» ACTIVITY
Could you return the data that follows exactly, minus the images?
━━ EXCERPTED RECORDS
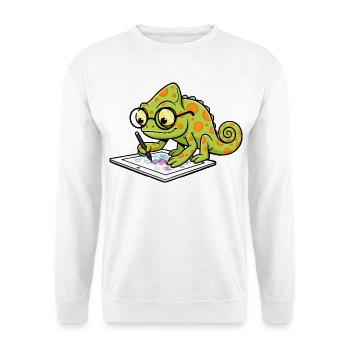 Chamäleon Digitaler Künstler Grafiktablet Masc - Unisex Pullover - Weiß - Vorne
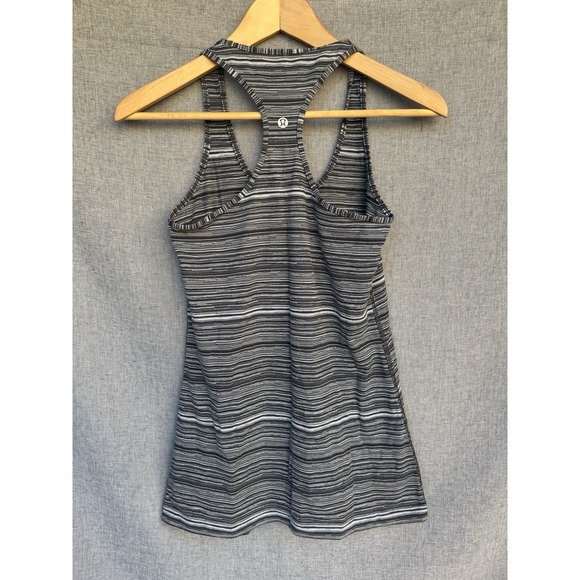 lululemon athletica Tops - LULULEMON Cool‎ Racerback Tank 6/8 Cut Back Stripe Linen White Black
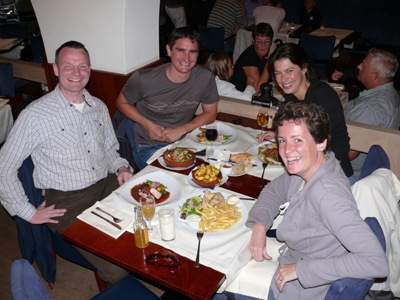 Hubert, Antony, Renate & Corine dining in Middelburg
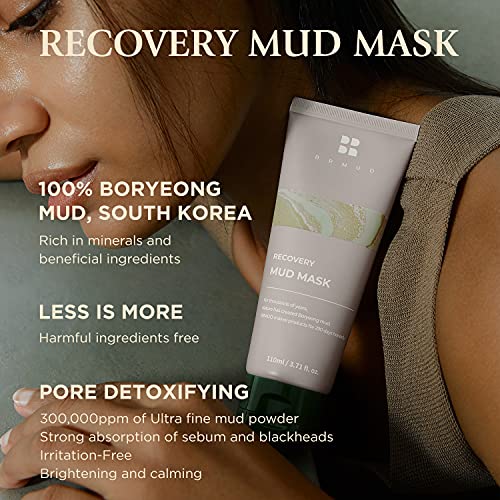 Brmud Recovery Mud Clay Mask Facial Cleansing, Pore Reducer & Minimizer With Boryeong Mud 110Ml (3.72 Fl.oz.) - Best Face And Body Mud Mask, Control Blackhead, White Head, Redness Relief And Skin Tightening Mask For Women And Men #TOP1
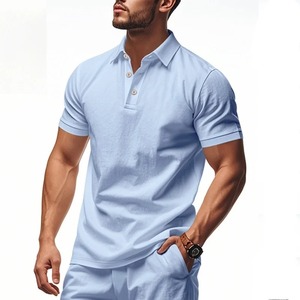 Directo de fábrica, personalizado, para hombre, para camiseta Polo, alta calidad, transpirable, 100% algodón, de talla grande, patrón sólido, diseño liso personalizado - Product Image 1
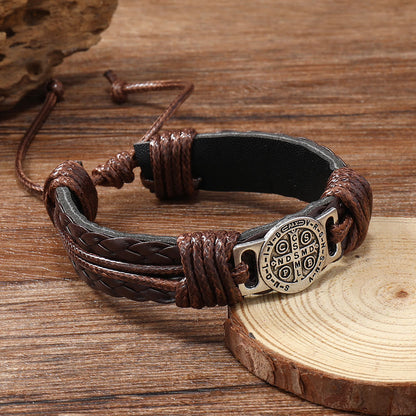 St. Benedict Two-Tone Leather Bracelet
━━━━
» EXERCISE SOLUTION
 Chamäleon Digitaler Künstler Grafiktablet Masc - Unisex Pullover - Weiß - Vorne
 lululemon athletica Tops - LULULEMON Cool‎ Racerback Tank 6/8 Cut Back Stripe Linen White Black
 Hubert, Antony, Renate & Corine dining in Middelburg
 Brmud Recovery Mud Clay Mask Facial Cleansing, Pore Reducer & Minimizer With Boryeong Mud 110Ml (3.72 Fl.oz.) - Best Face And Body Mud Mask, Control Blackhead, White Head, Redness Relief And Skin Tightening Mask For Women And Men #TOP1
 Directo de fábrica, personalizado, para hombre, para camiseta Polo, alta calidad, transpirable, 100% algodón, de talla grande, patrón sólido, diseño liso personalizado - Product Image 1
 St. Benedict Two-Tone Leather Bracelet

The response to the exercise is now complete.